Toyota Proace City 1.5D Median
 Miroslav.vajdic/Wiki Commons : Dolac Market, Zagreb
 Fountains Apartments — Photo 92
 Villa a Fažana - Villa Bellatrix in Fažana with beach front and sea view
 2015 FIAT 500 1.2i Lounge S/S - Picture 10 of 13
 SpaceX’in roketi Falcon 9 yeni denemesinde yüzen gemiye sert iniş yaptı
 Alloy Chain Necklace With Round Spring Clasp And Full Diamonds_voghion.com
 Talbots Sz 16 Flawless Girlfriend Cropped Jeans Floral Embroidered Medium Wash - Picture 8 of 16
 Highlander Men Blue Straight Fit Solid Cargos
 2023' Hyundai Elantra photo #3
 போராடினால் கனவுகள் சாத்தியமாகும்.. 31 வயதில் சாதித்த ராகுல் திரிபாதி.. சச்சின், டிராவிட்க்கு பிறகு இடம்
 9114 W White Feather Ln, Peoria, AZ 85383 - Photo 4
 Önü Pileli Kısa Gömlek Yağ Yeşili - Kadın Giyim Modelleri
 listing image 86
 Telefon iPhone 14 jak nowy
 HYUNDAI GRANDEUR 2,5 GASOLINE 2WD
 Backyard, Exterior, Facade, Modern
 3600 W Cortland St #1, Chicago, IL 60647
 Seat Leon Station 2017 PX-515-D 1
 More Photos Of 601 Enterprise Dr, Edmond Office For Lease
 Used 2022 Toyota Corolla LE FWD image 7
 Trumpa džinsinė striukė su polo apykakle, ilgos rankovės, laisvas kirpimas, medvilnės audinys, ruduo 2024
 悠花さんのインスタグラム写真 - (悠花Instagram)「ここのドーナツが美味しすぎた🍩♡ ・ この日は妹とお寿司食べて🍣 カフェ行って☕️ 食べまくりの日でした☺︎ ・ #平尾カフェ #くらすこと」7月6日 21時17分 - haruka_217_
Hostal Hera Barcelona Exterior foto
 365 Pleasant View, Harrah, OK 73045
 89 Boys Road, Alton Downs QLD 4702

※ ※ ※

EXERCISE DETAILS:
Every entry is to be restated word for word, with nothing dropped.

RESULT FOR THIS TASK:
Toyota Proace City 1.5D Median
 Miroslav.vajdic/Wiki Commons : Dolac Market, Zagreb
 Fountains Apartments — Photo 92
 Villa a Fažana - Villa Bellatrix in Fažana with beach front and sea view
 2015 FIAT 500 1.2i Lounge S/S - Picture 10 of 13
 SpaceX’in roketi Falcon 9 yeni denemesinde yüzen gemiye sert iniş yaptı
 Alloy Chain Necklace With Round Spring Clasp And Full Diamonds_voghion.com
 Talbots Sz 16 Flawless Girlfriend Cropped Jeans Floral Embroidered Medium Wash - Picture 8 of 16
 Highlander Men Blue Straight Fit Solid Cargos
 2023' Hyundai Elantra photo #3
 போராடினால் கனவுகள் சாத்தியமாகும்.. 31 வயதில் சாதித்த ராகுல் திரிபாதி.. சச்சின், டிராவிட்க்கு பிறகு இடம்
 9114 W White Feather Ln, Peoria, AZ 85383 - Photo 4
 Önü Pileli Kısa Gömlek Yağ Yeşili - Kadın Giyim Modelleri
 listing image 86
 Telefon iPhone 14 jak nowy
 HYUNDAI GRANDEUR 2,5 GASOLINE 2WD
 Backyard, Exterior, Facade, Modern
 3600 W Cortland St #1, Chicago, IL 60647
 Seat Leon Station 2017 PX-515-D 1
 More Photos Of 601 Enterprise Dr, Edmond Office For Lease
 Used 2022 Toyota Corolla LE FWD image 7
 Trumpa džinsinė striukė su polo apykakle, ilgos rankovės, laisvas kirpimas, medvilnės audinys, ruduo 2024
 悠花さんのインスタグラム写真 - (悠花Instagram)「ここのドーナツが美味しすぎた🍩♡ ・ この日は妹とお寿司食べて🍣 カフェ行って☕️ 食べまくりの日でした☺︎ ・ #平尾カフェ #くらすこと」7月6日 21時17分 - haruka_217_
Hostal Hera Barcelona Exterior foto
 365 Pleasant View, Harrah, OK 73045
 89 Boys Road, Alton Downs QLD 4702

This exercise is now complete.